Ночь была по-сентябрьски ясна и тиха, лишь подергивали порой сверчки. Степан Тихонович долго рассматривал небо, следил, как срывались звездочки. Стожары нашел над самой головой. Значит, близилось утро… Невзначай до осязаемости представилась Анна; вспомнилось, как пахнет ее кожа, как в сладостном исступлении, глуша в себе нарастающий крик, покусывала его ладонь…
«Не жалею! Что было, то было, – благодарственно подумал Степан Тихонович. – За грехи отвечу перед богом, а перед людьми не стану! Ради них в старосты пошел, а хоть кто-то отозвался добрым словом, оценил это? Нет. Одни считают, что захотел власти, а другие – немцев испугался… Эх, глупые вы, глупые… Ничего мне не надо! Сколько смогу, столько и буду тащить свой крест. Если самого Христа распяли, то такого, как я… Там, на сходе, думал, что одну из рук под топор кладу, а вышло, что голову…»
Так мятежно стало на сердце, что Степан Тихонович поспешил к отцу. Стараясь не разбудить, сел в ногах, закурил папиросу, купленную у спекулянта.
Звонкий, серебряный звук сорвался с поднебесья. Чуть погодя, повторился дальше, к югу.
– Никак лебеди? – удивился вслух Степан Тихонович. – Рановато.
– Пужанула война – вот и тронулись, – вдруг отозвался отец и, кряхтя, тоже сел. – Городскую тянешь?
– Дать?
– Ни-ни! Я собе сверну… Ты, сынок, покури и легай. А я лошадок постерегу… До хутора вон ишо скольки путя ломать!
Часть вторая
В эту осеннюю ночь как никогда тревожно было на душе и у Полины Васильевны. Дальняя поездка в чужой город, да по немирной степи, волновала безвестностью и грозила любым лихом. Как проснулась она при вторых кочетах, так и промаялась до самой зорьки. Дважды становилась на колени молиться. Лампадка озаряла чело Богородицы и прильнувшего к ней младенца. Чуть выше проступал образ Георгия Победоносца со старинной иконки. Крестясь и творя поклоны, страстно взывала казачка к святым, просила их защиты и милости к родной семье…
…Господи, давно ли она держала на руках, вот как дева Мария, своего сыночка-первенца? И он точно так же всем тельцем прижимался к ней и темными глазенками водил по сторонам, с интересом разглядывая все, что окружало. Давно ли кормила его грудью и пеленала, и баюкала в зыбке под колыбельные песни, в любовном материнском самозабвении целуя его розовые пяточки?.. А как беспокоилась молодая мать, когда Яшеньку, ровно в годик, посадили верхом на коня! На радость всем, особенно деду Тихону, карапуз вцепился ручонками в гриву и улыбнулся. А его отец-казак был в те дни на фронте, на пригляде у смерти. Да неужто планида такая казацкая: отец в бою, а сын – стремена примеряет?!

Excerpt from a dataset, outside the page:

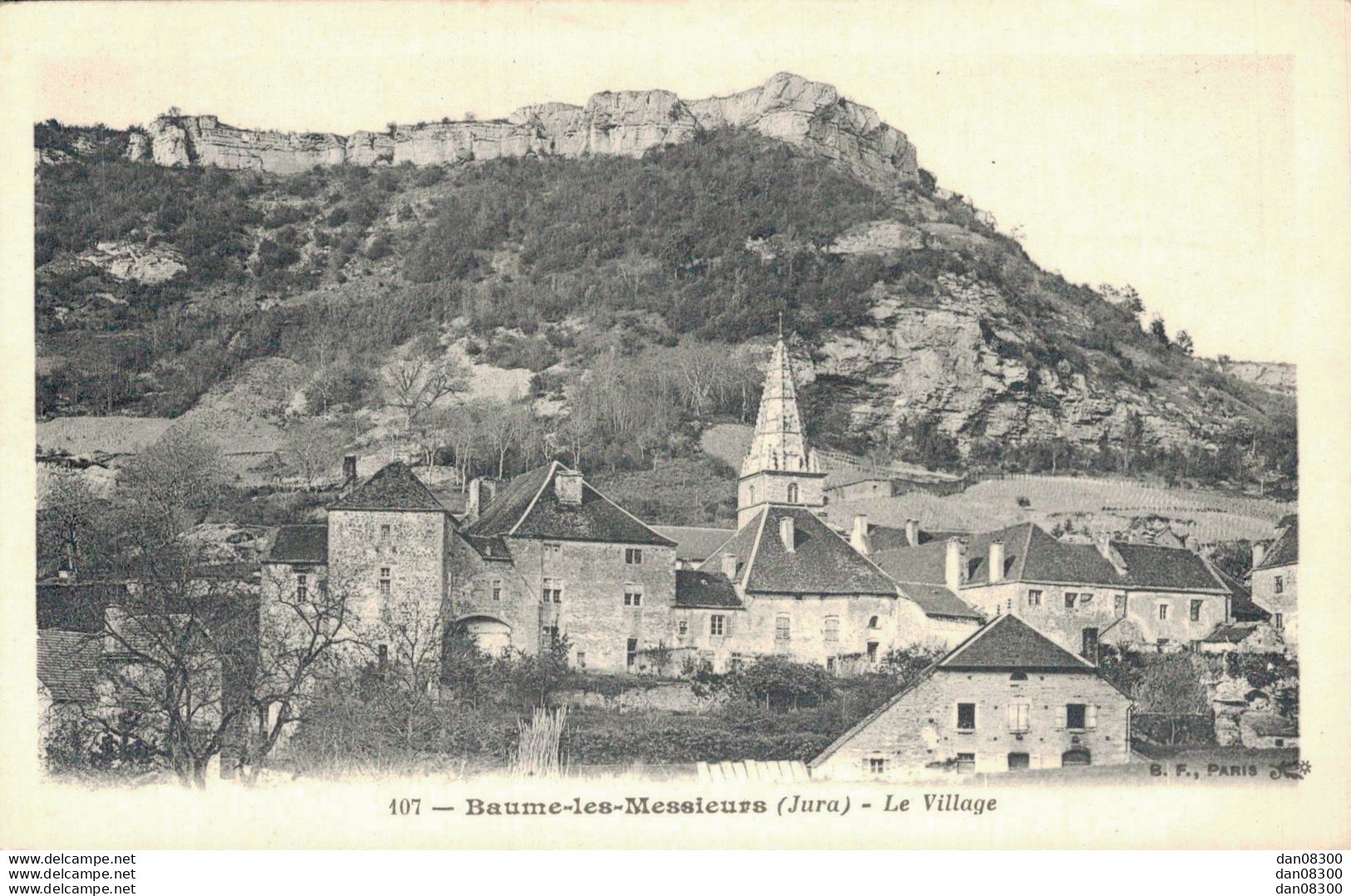 39 BAUME LES MESSIEURS LE VILLAGE - Baume-les-Messieurs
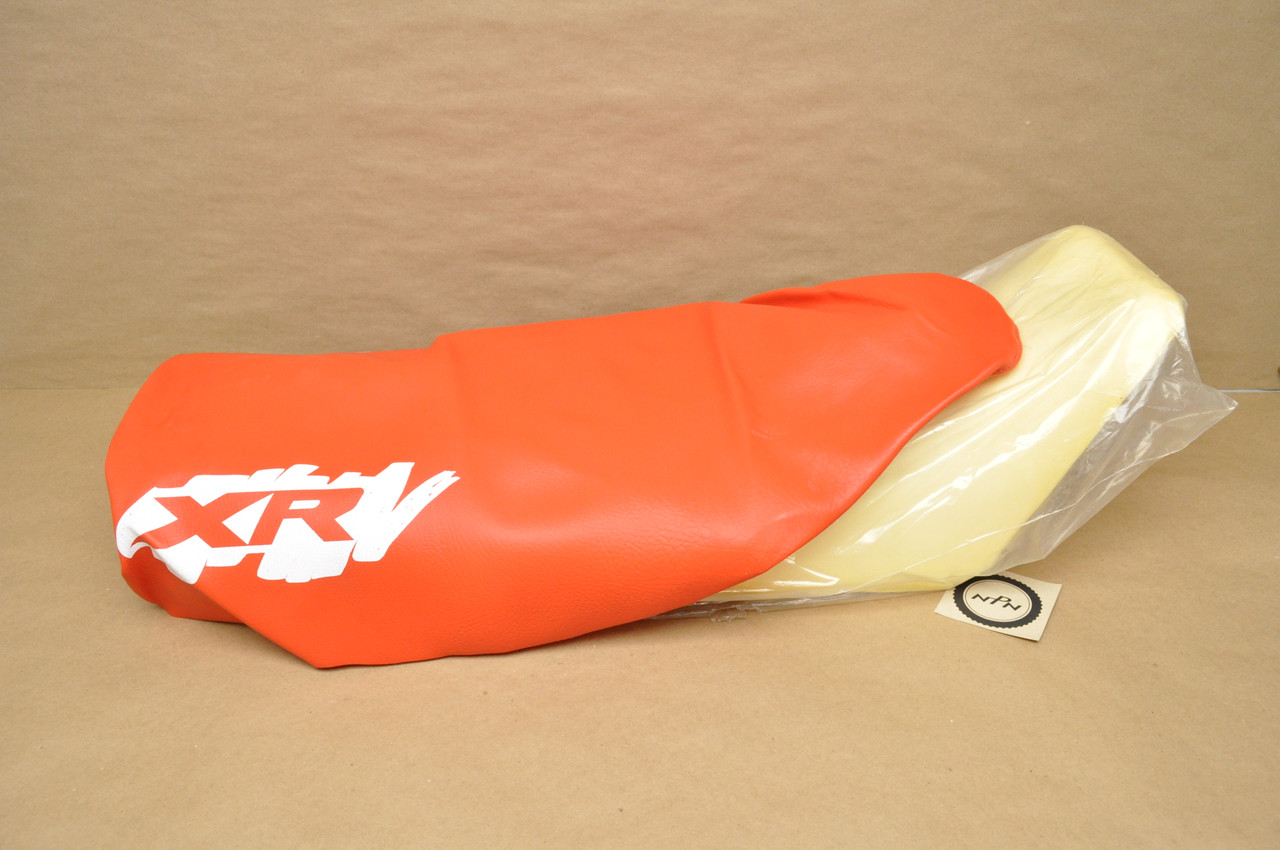 NOS Honda 1988-91 XR250 White Bros Ceet Seat Cover & Foam Pad XR002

Явственно помнился Полине Васильевне и черноволосый, как вороненок, Яшка-мальчуган. Рос он смышленый и крепенький. Слишком не бедокурил, но и не слыл тихоней. В учебе угадывалась отцовская жилка. Степан Тихонович, не скрывая гордости, частенько повторял: «Мне не довелось ученой ухи похлебать, а Яшку вытяну! Нищим стану, а его до института доведу!»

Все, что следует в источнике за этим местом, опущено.